Task statement: Begin your copy at the line that holds "Eettafel Guss Zwart - 105 cm - Afbeelding 6" and carry it through the final line of the data, writing out each line exactly and omitting pictures.

Records for this task:
........

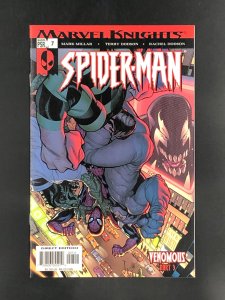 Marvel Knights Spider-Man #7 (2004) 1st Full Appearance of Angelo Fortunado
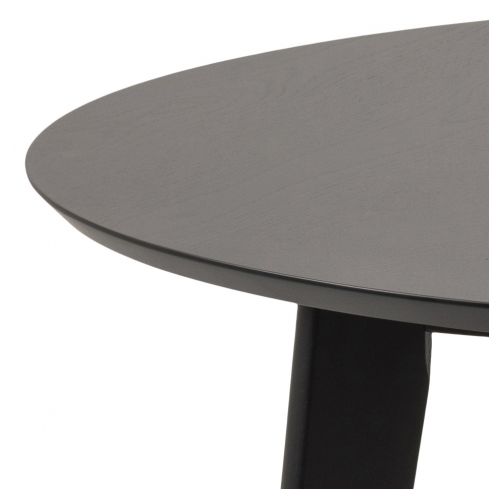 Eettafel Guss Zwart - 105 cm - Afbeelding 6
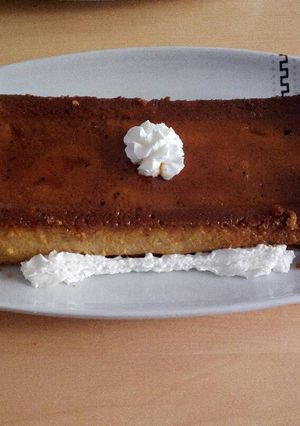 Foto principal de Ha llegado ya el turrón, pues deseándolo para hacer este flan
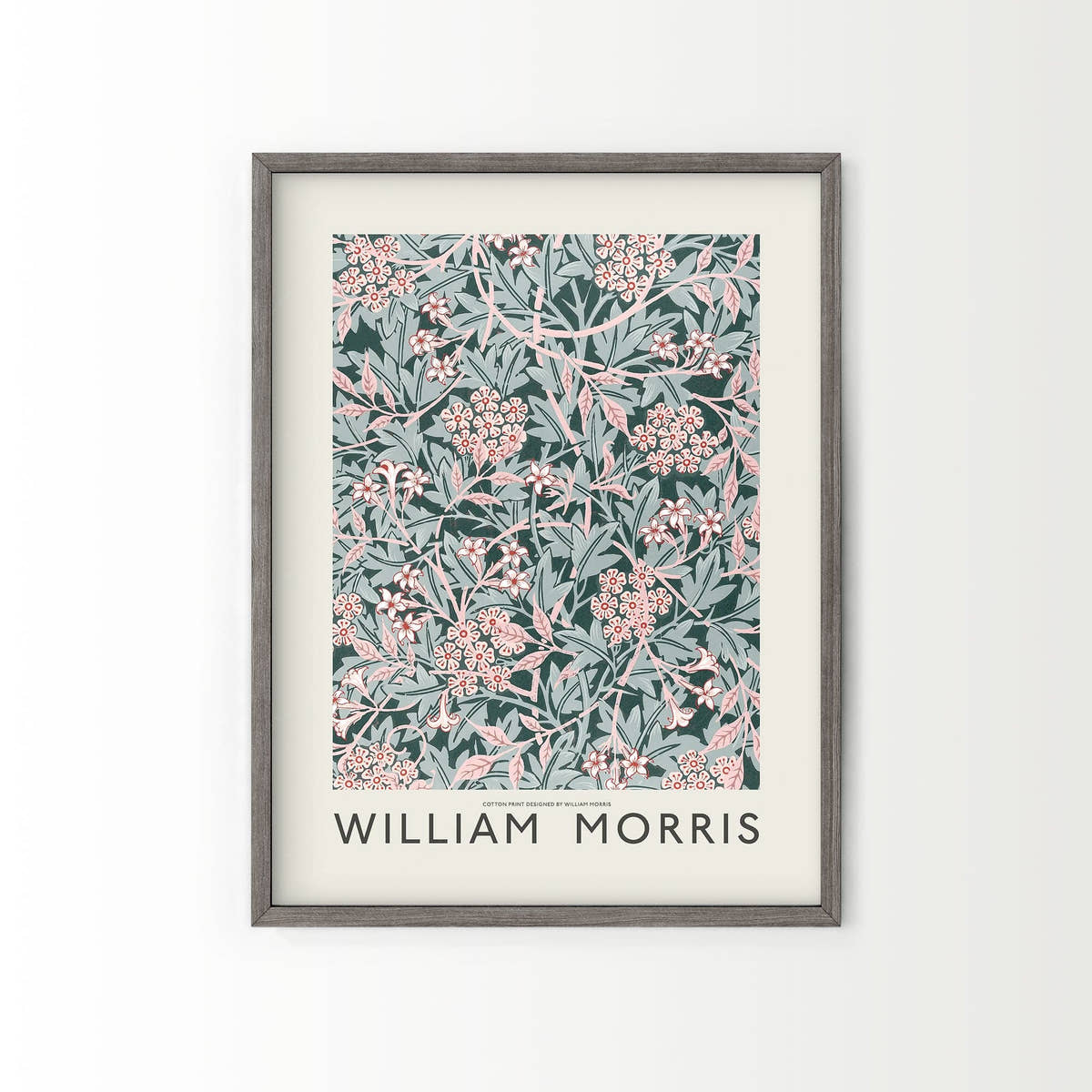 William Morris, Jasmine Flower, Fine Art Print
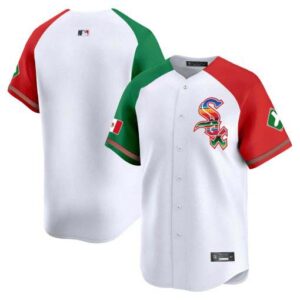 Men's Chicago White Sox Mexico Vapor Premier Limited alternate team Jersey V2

........

Solution to this task:
 Eettafel Guss Zwart - 105 cm - Afbeelding 6
 Foto principal de Ha llegado ya el turrón, pues deseándolo para hacer este flan
 William Morris, Jasmine Flower, Fine Art Print
 Men's Chicago White Sox Mexico Vapor Premier Limited alternate team Jersey V2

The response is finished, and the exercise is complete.